Thursday, November 20, 2014

This Isn't the Soviet Union, Is It?

With Minnesota Vikings' running back Adrian Peterson still awaiting a hearing on his appeal of his full-season suspension, debates over whether the NFL's punishment of Peterson was too severe or not severe enough continue.  Were this merely a matter of a punishment for a player, those debates could be relegated to the circular file.

Peterson's situation is about more than Peterson, however.  It is, more substantially, about whether a major sports league,  afforded significant anti-trust exemptions by Congress, should have the authority to levy penalties against players without meaningful due process.

Those who believe that the NFL has acted justly in Peterson's case are willing to accept the NFL's one-year banishment of Peterson as within the bounds of the NFL's discretion under the current CBA.  Given that the NFL's self-stated, non-negotiated policy on first-offense domestic abuse conduct subjects a player to a six-game suspension, with the possibility of upward revision given aggravating circumstances, it is difficult to accept that a minimum fifteen week suspension, some without pay, is not excessive--unless one believes that aggravating circumstances were present in this case and that those circumstances merited a near tripling, if not more, of the league's baseline punishment.

Those in this latter group, a group that persists in reminding everyone that Peterson was paid for the eight games that he missed prior to the league's decision to ban him for the year, appear willing to turn a blind eye to meaningful due process.  One suspects that these same people would hope for due process in all of their own affairs, but, for whatever reason, in Peterson's case, it's not only fair but obligatory that the Peterson not be accorded such rights.

What those who celebrate the NFL's purported tough stance against child abuse and even call for stronger sanctions against Peterson do not offer is a rationale for their position.  It is not enough to argue that what Peterson did was a bad thing.  Most agree it was.  The question is what the appropriate league punishment should be, given that he did a bad thing.  To argue that Peterson rested at home and received a paycheck while on the NFL Commissioner's special exemption list is not a thoughtful response to the the suggestion that the NFL could simply retroactively fine Peterson.  Moreover, if suspending Peterson with pay was not a punishment and retroactively fining him is not punishment, it does not follow that suspending him for the remainder of the season could constitute punishment.
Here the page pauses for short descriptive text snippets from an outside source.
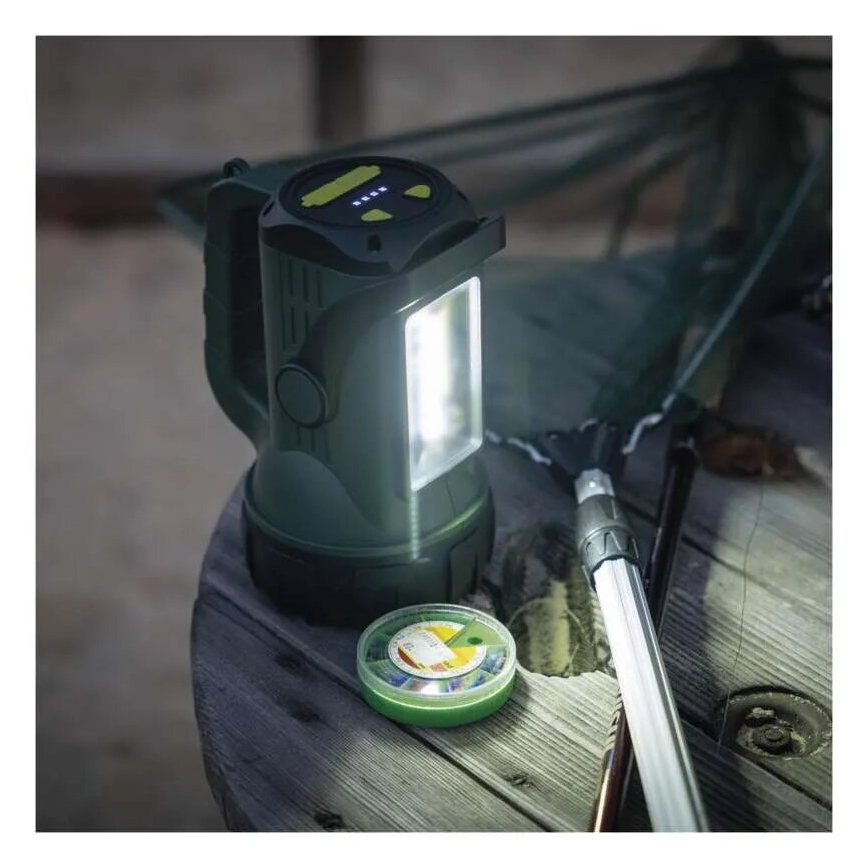 Ladattava LED-taskulamppu LED/3,7V IP43 700 lm 3600mAh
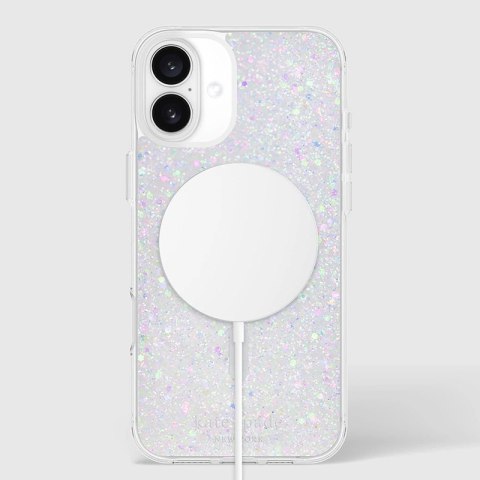 Kate Spade New York Protective MagSafe - Etui iPhone 16 Plus (Chunky Glitter) Kate Spade New York Protective MagSafe - Etui iPhone 16 Plus (Chunky Glitter)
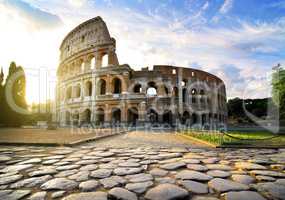 Colosseum in Rome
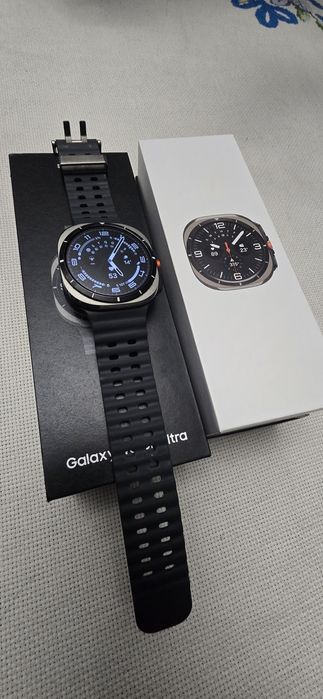 Watch Ultra 47mm LTE Cinzento Metalizado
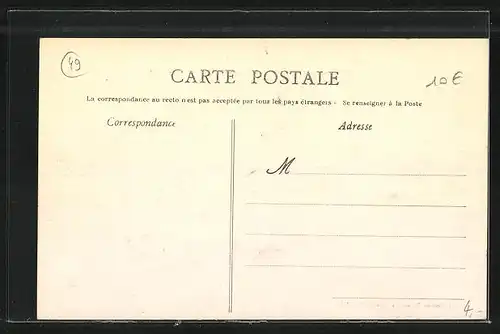 AK Chambellay, Le Pont, L`arrivée du bateau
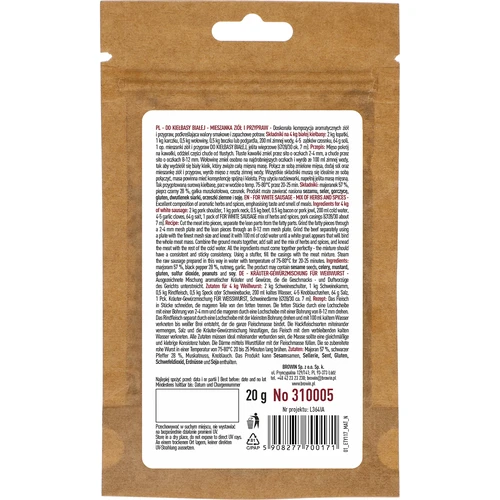 Valge vorsti jaoks - ürtide ja maitseainete segu - 2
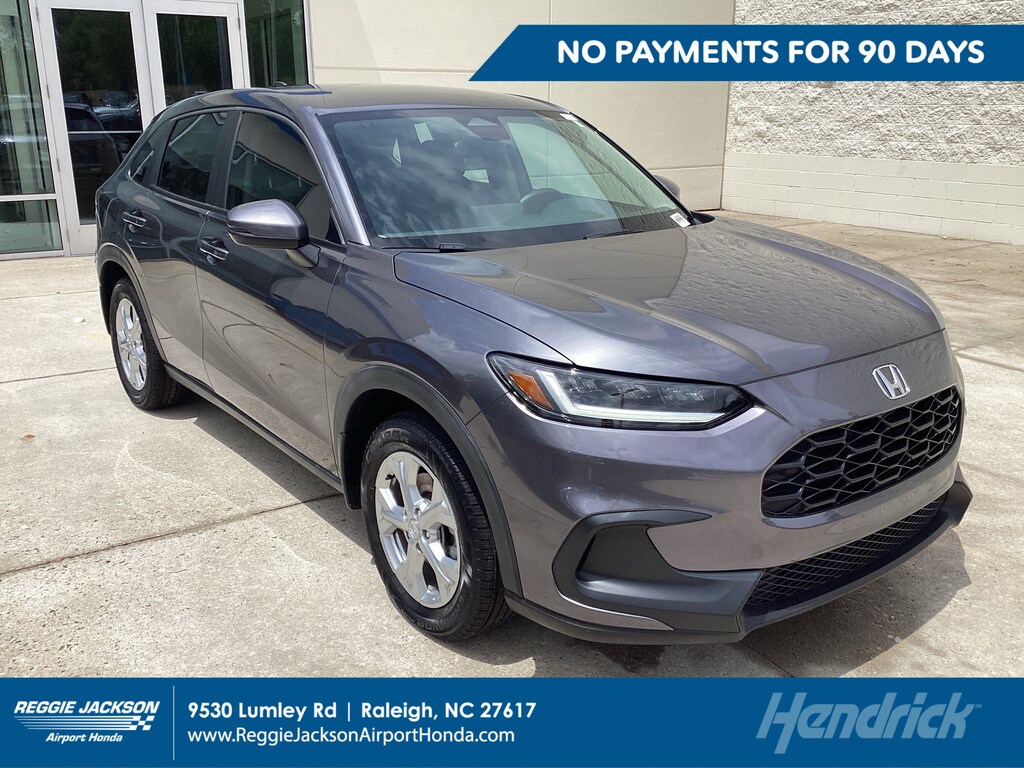 Certified 2023 Honda HR-V LX 2WD SUV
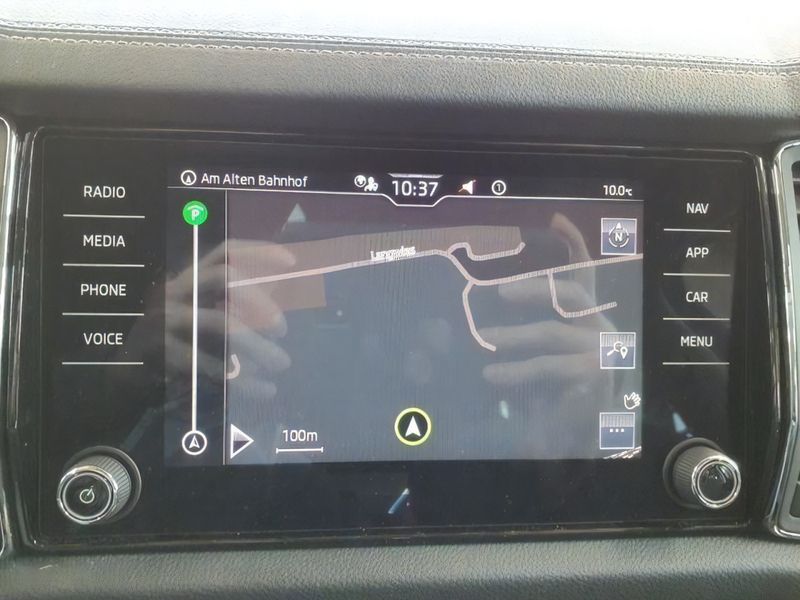 Gebraucht Skoda Kodiaq Style 200 PS (147 kW) 2023 Schwarz SUV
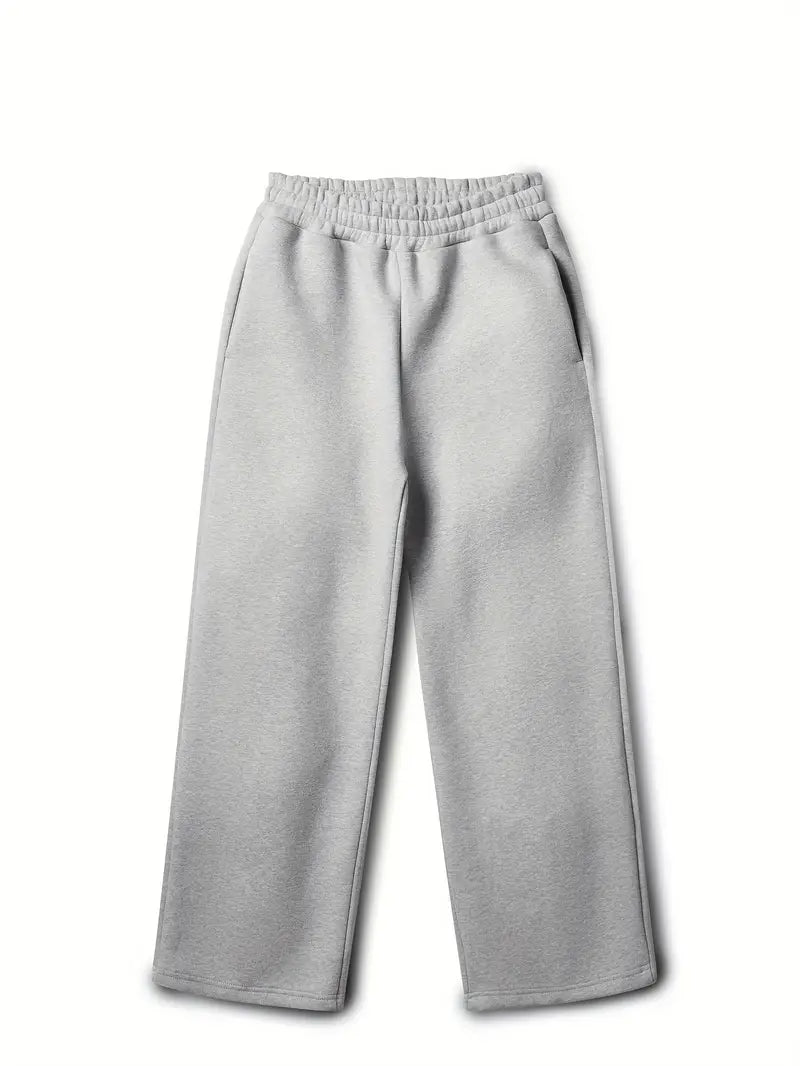 Men's Oversized Hoodie and Straight Leg Joggers Set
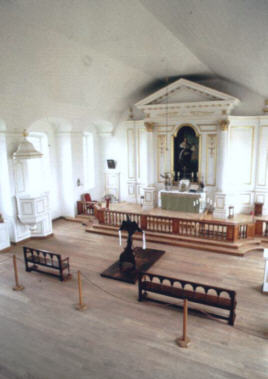 Louisbourg : la chapelle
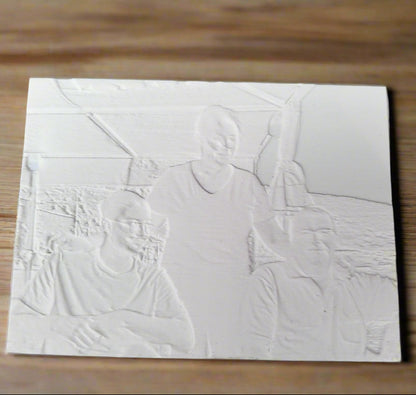 Lithophane lamp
Punishment is defined with respect to the means that the relevant arbiter wields.  In the criminal court system, there are many means for imposing punishment--fine, jail time, prison time, community service, restitution, counseling, etc.  The Texas court system imposed on Peterson a fine, community service, and counseling requirements.

The NFL has only two meaningful means at its avail for punishing players--suspending and taking pay from the player.  For those looking for the NFL to do more, that's not possible.  As such, for those who argue that retroactive fines for games which Peterson already sat out are meaningless because Peterson was not previously suspended without pay, the argument is unintelligible.

Nearly everyone agrees that the NFL could have handled this situation much more deftly from the very beginning.  What few agree on is how that could have been done.  Here is one suggestion that might work as a template in the future:

At the outset, notify the player that they are suspended immediately, without pay, for a minimum of six games, subject to additional games should aggravating circumstances come to light at any time.  Offer a definition of aggravating circumstances.  Commit one-half of the pay taken from the player to a credible non-profit that deals with the abuse that occurred.  Put the remainder of the pay in a trust fund for the victim.  Then, hire an outside arbitrator to hear any appeal.  Finally, work out a mutually agreeable code of conduct with the NFLPA, before the present CBA expires, and take advantage of the NFLPA's current exposure and the  need for the NFL to repair its due process neglecting fence.

Had the NFL given anywhere near as much initial thought to how to handle either the Ray Rice or Adrian Peterson situations, it could have avoided the circus that it has now created by making decisions from the seat of its proverbial pants without respect to normal notions of due process and with an eye squarely and exclusively on the league's image.  Rather than rebuild its tarnished image, the NFL's current course has only generated greater animosity toward the league from virtually every corner.